The Family Code had effectively repealed the provisions of Article 366 of the
Civil Code of the Philippines giving natural child acknowledged by both parents
the right to use the surname of the father. The Family Code has limited the
classification of children to legitimate and illegitimate (Art. 163, F.C.), thereby
eliminating the category of acknowledged natural children and natural children
by legal fiction. (Marissa Mossesgeld vs. CA, et. al., G.R. No. 132524,
December 29, 1998, 101 SCAD 928).

With the amendment introduced by R.A. No. 9255 (Sec. Art. 176), the answer
should now be Yes.

5. Leouel Santos, Jr. was born of the spouses Leouel Santos, Sr., and
Julia Bedia-Santos. From the time of his birth, he was under the care
of his maternal grandparents. His mother left for the USA to work as
a nurse, and his father alleged in a Petition for the Care, Custody and
Control of the Minor that he was not aware of her whereabouts. The
RTC awarded the custody of the child to his maternal grandparents.
The CA affirmed it. The maternal grandparents contended that they
are in a better position to take care of the child for they have amply
demonstrated their love and affection for the boy since his infancy;
hence, they are in the best position to promote the child’s welfare.
Who should be awarded the custody of the child? Why?
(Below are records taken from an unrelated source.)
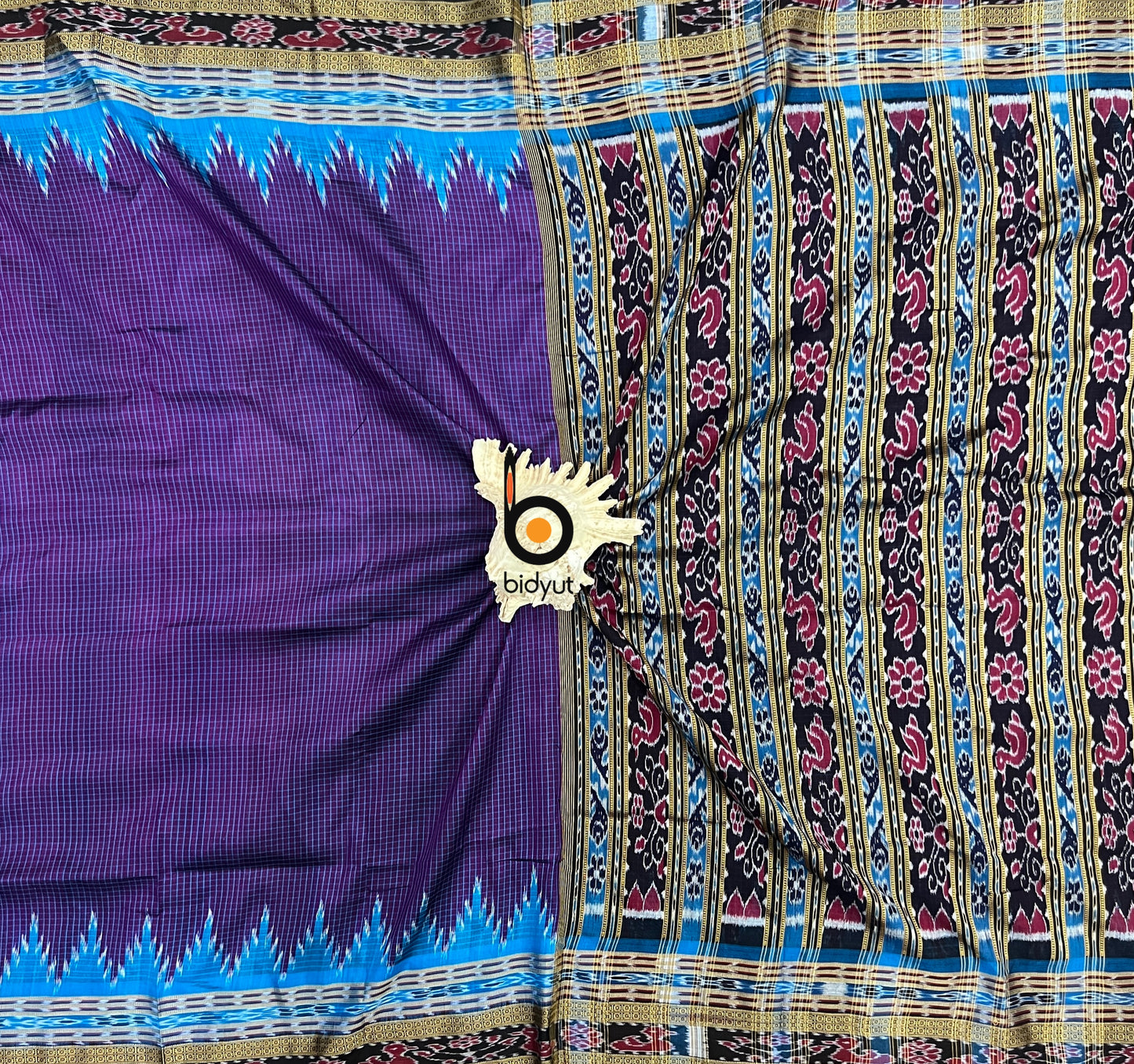 Handlooms of Odisha Sachipar Nuapatna Khandua Ikat Silk Sarees Purple color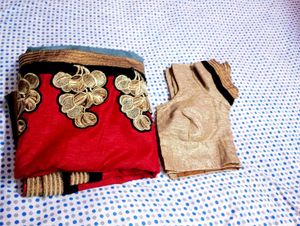 Elegant Red Saree with Floral Embroidery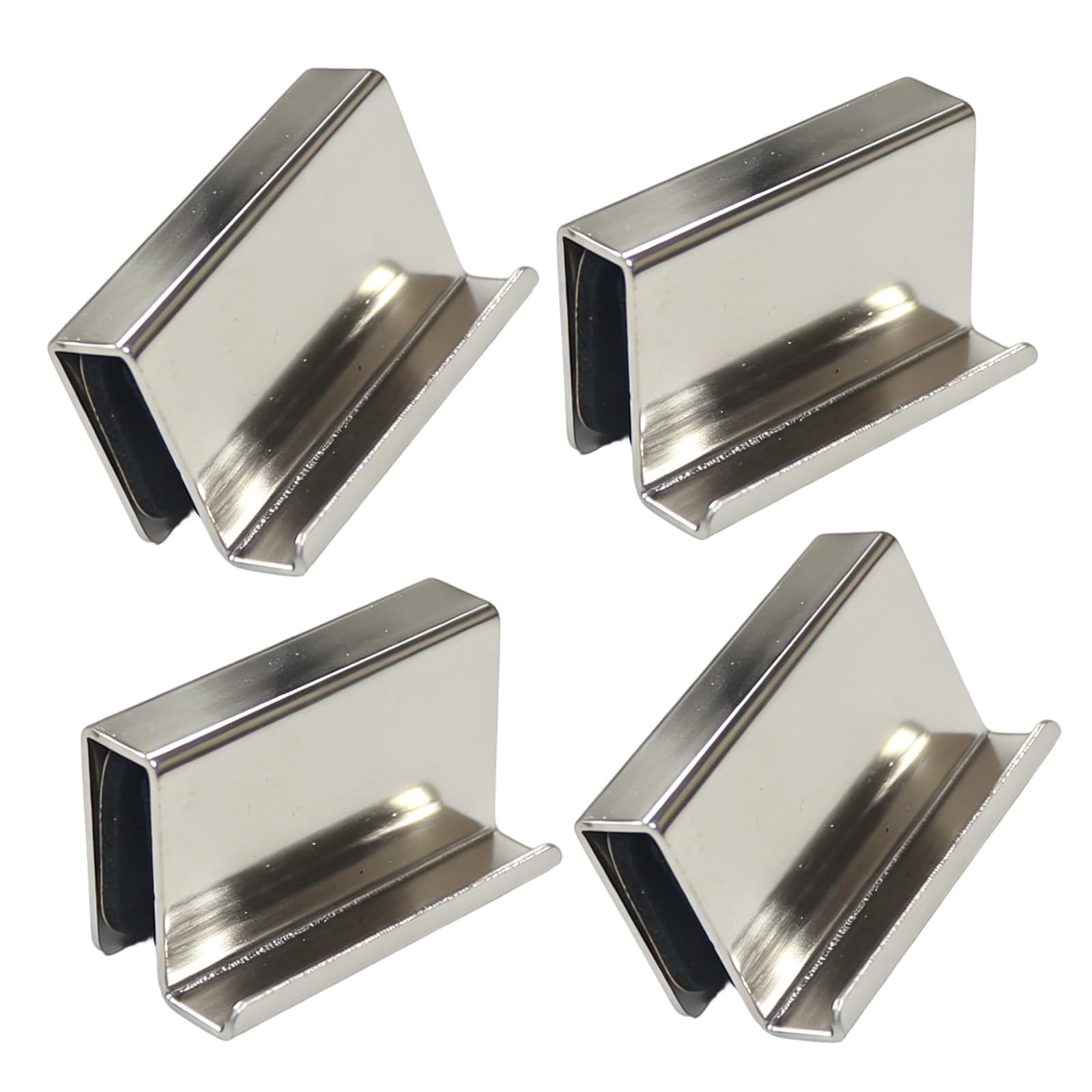 Kaeltsyn Bright Light Contemporary Glass Door Pull 4Pcs Finger Friendly Edges Rustproof Component Push Pull Clamp 4Pcs For Daily Use Multipurpose Fixture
A The father should be given the custody of the child. The law vests on the
father and mother joint authority over the persons of their common children.
(Art. 211, F.C.). In the absence or death of either parent, the parent present
shall continue exercising parental authority. (Art. 212, F.C.). Only in case of
the parent’s death, absence or unsuitability may substitute parental authority
be exercised by the surviving grandparent. (Art. 214, F.C.; Santos, Sr. vs.
CA, et. al., G.R. No. 113054, March 16, 1995, 59 SCAD 672).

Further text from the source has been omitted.